Elle sollicite l’expulsion du preneur et de tous occupants sans délai, puisque la SAS SOMEBY n’occupant pas les lieux elle ne saurait bénéficier des dispositions des articles L411-1, L412-1 et suivant du code des procédures civiles d’exécution ainsi que sa condamnation au paiement d’une indemnité d’occupation jusqu’à parfaite libération des lieux à hauteur de 100 euros par jour.
Sur le fondement des articles 544 et suivants du code civil et de l’article 1231-1 du même code, elle sollicite une somme forfaire de 90.000 euros pour la réalisation des travaux de remise en état des lieux et la somme de 6.000 euros au titre de l’indemnité d’immobilisation du bien loué pendant la période des travaux, ainsi que le delta entre les loyers perçus et les fruits civils qu’elle aurait du percevoir en sa qualité de propriétaire, soit la somme de 100.270 euros, à parfaire.
Elle conteste la demande de la SAS SOMEBY en dommages et intérêts pour procédure abusive.
En réponse et reconventionnellement, la SAS SOMEBY, représentée par son conseil, sollicite du juge aux termes de ses conclusions n°4 de :
— constater la validité de l’autorisation donnée à la SAS SOMEBY de sous-louer le local à usage d’habitation par avenant en date du 20 mars 2028 ;
— débouter Mme [L] [Z] de ses demandes, moyens, fins et prétentions à l’encontre de la SAS SOMEBY ;
— condamner Mme [L] [Z] à payer à la SAS SOMEBY les sommes de :
*2.000 euros au titre de dommages et intérêts ;
*2.000 euros en application de l’article 700 du code de procédure civile, outre aux entiers dépens.

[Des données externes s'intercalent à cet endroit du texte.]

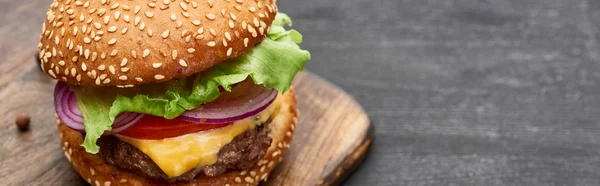 Köstlicher frischer Cheeseburger auf Holzbrett, Panoramaaufnahme — Stockfoto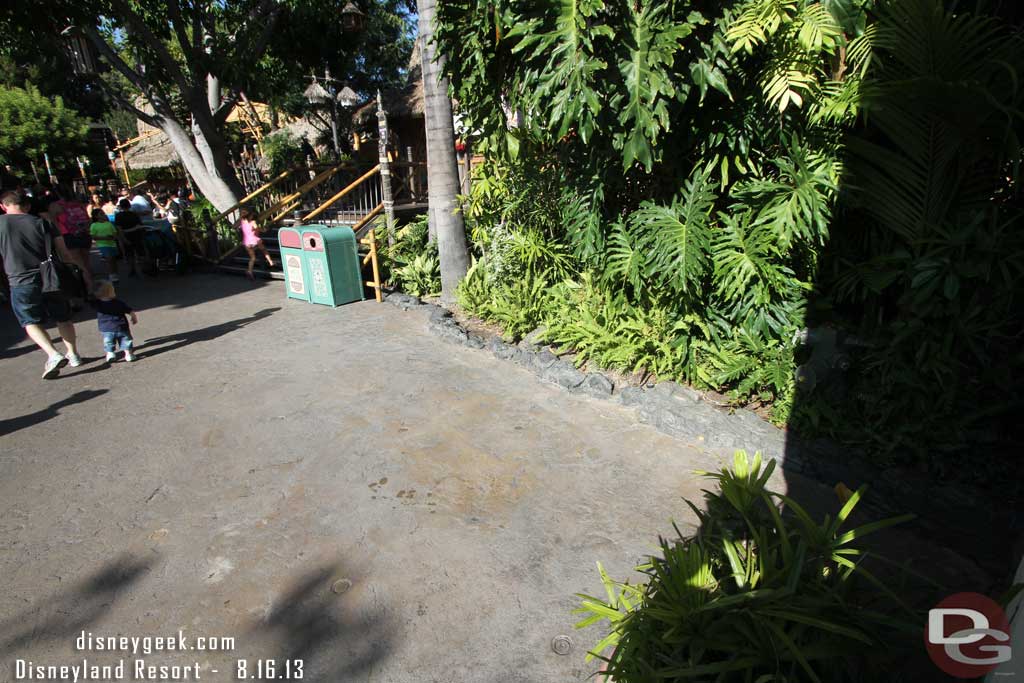 The food cart near the Tiki Room exit/Oasis entrance was not out today.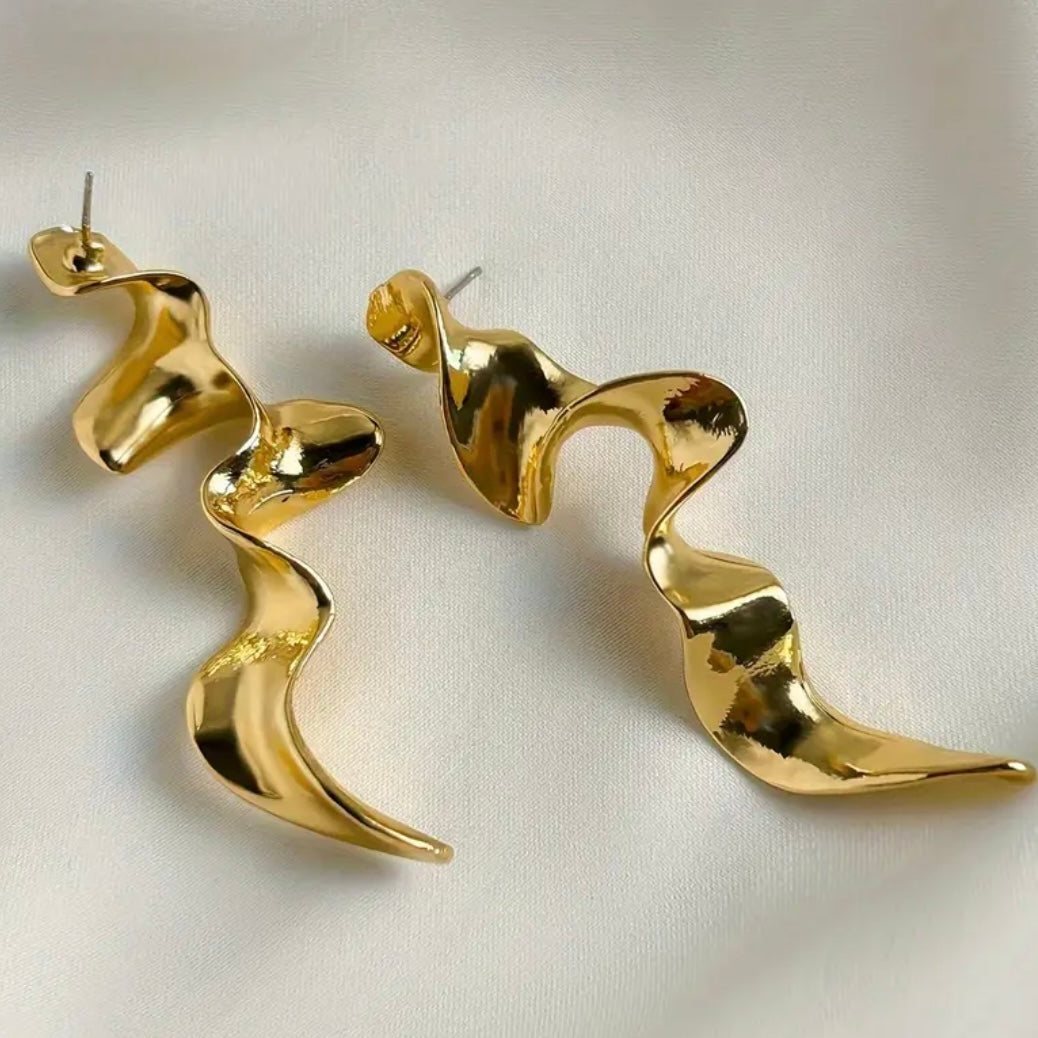 Golden string earrings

Elle fait valoir qu’en application de l’article 2 de la loi du 06 juillet 1989 le contrat de bail signé le 19 mars 2018 est un bail civil exclu du champ d’application de la loi du 06 juillet 1989 puisque consenti à une personne morale mais qu’il est possible de soumettre conventionnellement le bail à cette loi, à condition que ce choix résulte d’un accord express et non équivoque d’une clause contractuelle. Elle soutient que le bail est rédigé sur un imprimé type faisant référence à la loi du 06 juillet 1989 mais qu’aucune clause ne soumet expressément le bail à cette loi et qu’il ressort de l’avenant signé le 20 mars 2018 que la soumission à ladite loi n’est pas expresse mais au contraire équivoque. Elle soutient qu’en tout état de cause l’application des articles 2 et 8 de ladite loi est expressément exclue du contrat et ajoute qu’on ne peut pas conventionnellement se soumettre à l’ordre public. Elle sollicite en conséquence de débouter Mme [L] [Z] de ses demandes fondées sur ces dispositions. Elle affirme qu’en application de l’article 1717 du code civil, le preneur a le droit de sous-louer le logement et qu’il a été expressément autorisé à cette sous-location même à un prix supérieur à son loyer par l’avenant signé.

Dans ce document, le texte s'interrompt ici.